This past winter, USDA’s Farm Service Agency held the first general signup for the Conservation Reserve Program (CRP) since 2016. New provisions in the farm bill cap CRP rental payments at lower levels than in years past. The rental payment caps are even more stringent, however, if a landowner wishes to reenroll land in an expiring CRP contract. This latter provision is closely linked to the “fate” of expiring CRP land, a topic my coauthors and I studied in a report released earlier this year by the USDA’s Economic Research Service. The fate of land in expiring CRP contracts is a multifaceted issue that can be broken down into two broad research questions. First, when contracts expire, how much of the expiring land is reenrolled in the program? Second, if the land is not reenrolled, does it immediately return to crop production or does the conservation cover associated with CRP enrollment persist beyond the life of the contract? In this post, I will compare some of the national patterns shown in the report with similar figures specific to expiring CRP land in Montana.

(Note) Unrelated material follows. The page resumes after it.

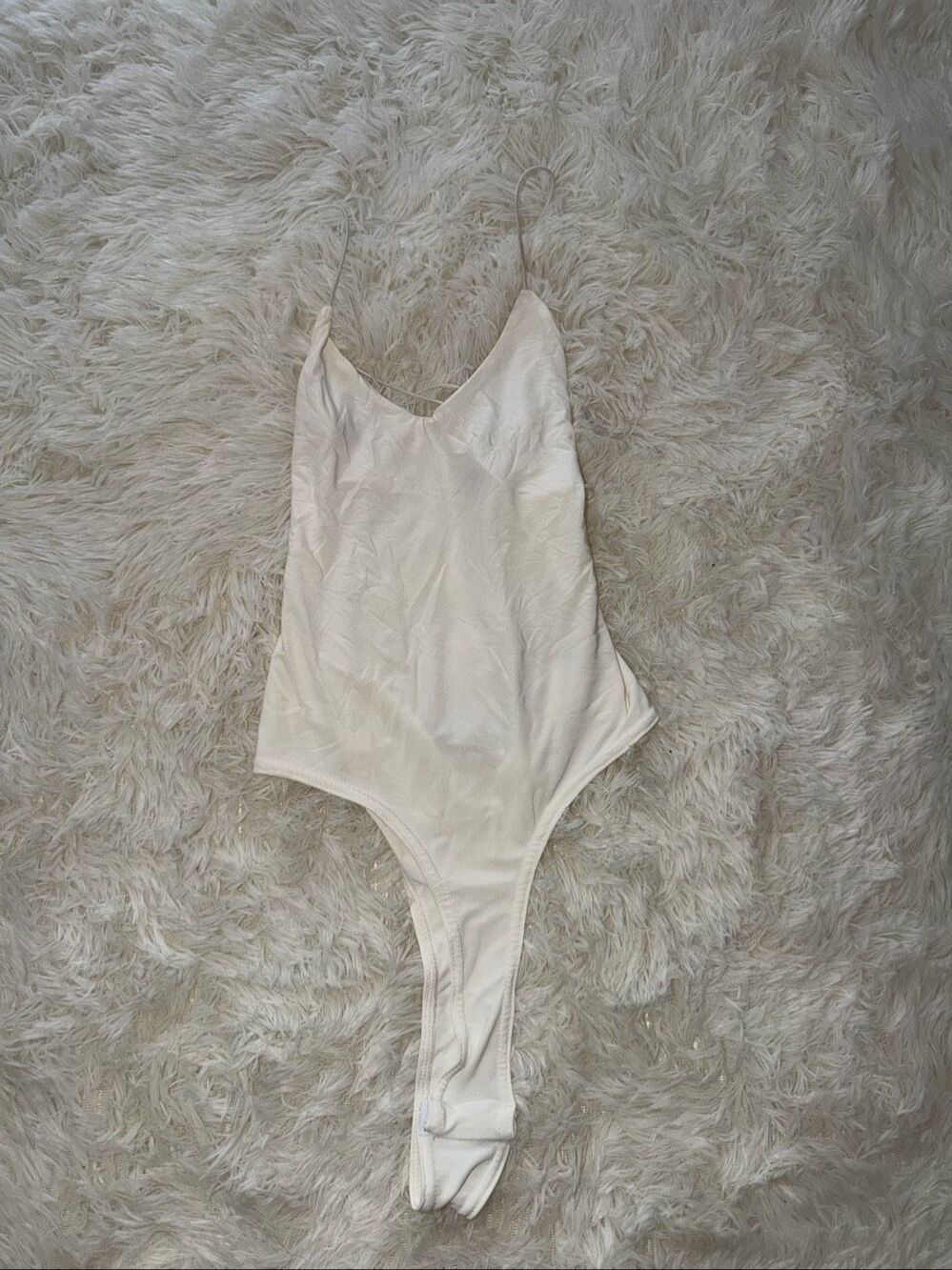 Cross cross open back white bodysuit size 2 pretty little thing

Our analysis was based on a non-public USDA dataset covering all CRP contracts, from both continuous and general signups, expiring over 2013-2016. At roughly 743,000 acres, Montana had the most expiring CRP land during this time period. In terms of the percentage of expiring land that was reenrolled, however, Montana fell well below the national average (Fig. 1). Montana’s reenrollment rate peaked at 22% (in acreage terms) for contracts expiring in 2013, compared to a much higher rate of 48% for the rest of the US. After 2013, the rate of reenrollment remained under 9% for Montana, while it stayed above 28% for land expiring throughout the rest of the country.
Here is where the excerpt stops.